## [DATA UNDER STUDY]
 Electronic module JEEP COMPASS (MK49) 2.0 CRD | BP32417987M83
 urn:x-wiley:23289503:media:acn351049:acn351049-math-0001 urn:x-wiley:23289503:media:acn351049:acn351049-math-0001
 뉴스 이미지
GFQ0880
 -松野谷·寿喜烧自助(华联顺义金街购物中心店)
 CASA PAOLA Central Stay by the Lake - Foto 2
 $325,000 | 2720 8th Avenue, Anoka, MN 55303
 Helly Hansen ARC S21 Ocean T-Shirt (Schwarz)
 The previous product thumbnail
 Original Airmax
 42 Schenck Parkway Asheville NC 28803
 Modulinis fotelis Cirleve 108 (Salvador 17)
--
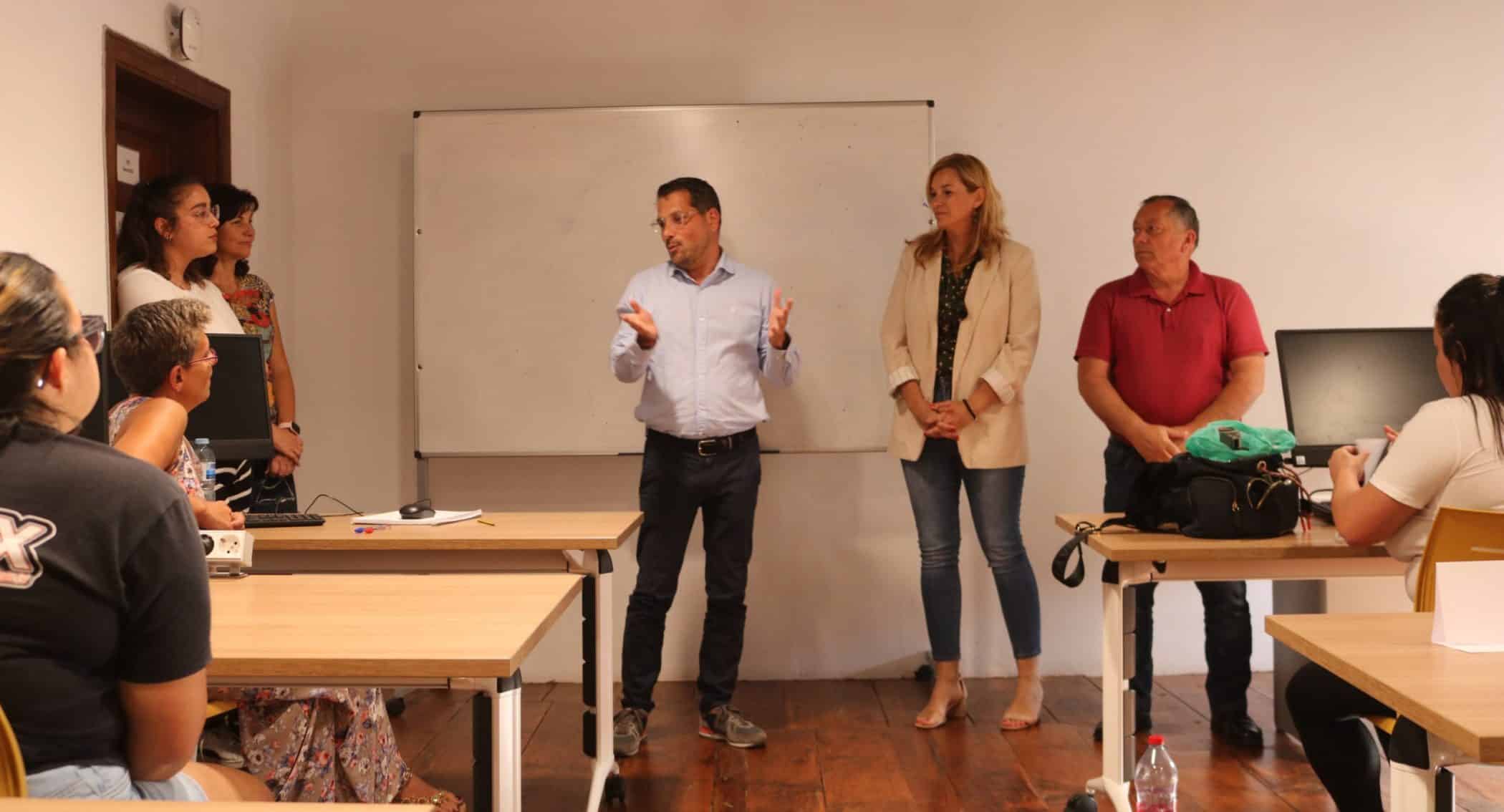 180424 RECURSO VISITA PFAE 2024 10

## [PROBLEM DESCRIPTION]
Each line above from the one with "Electronic module JEEP" up to and including the one with "Modulinis fotelis Cirleve 108 (Salvador 17)" must be set down exactly, and no line outside that span may appear.

## [SOLUTION TO THIS EXERCISE]
 Electronic module JEEP COMPASS (MK49) 2.0 CRD | BP32417987M83
 urn:x-wiley:23289503:media:acn351049:acn351049-math-0001 urn:x-wiley:23289503:media:acn351049:acn351049-math-0001
 뉴스 이미지
GFQ0880
 -松野谷·寿喜烧自助(华联顺义金街购物中心店)
 CASA PAOLA Central Stay by the Lake - Foto 2
 $325,000 | 2720 8th Avenue, Anoka, MN 55303
 Helly Hansen ARC S21 Ocean T-Shirt (Schwarz)
 The previous product thumbnail
 Original Airmax
 42 Schenck Parkway Asheville NC 28803
 Modulinis fotelis Cirleve 108 (Salvador 17)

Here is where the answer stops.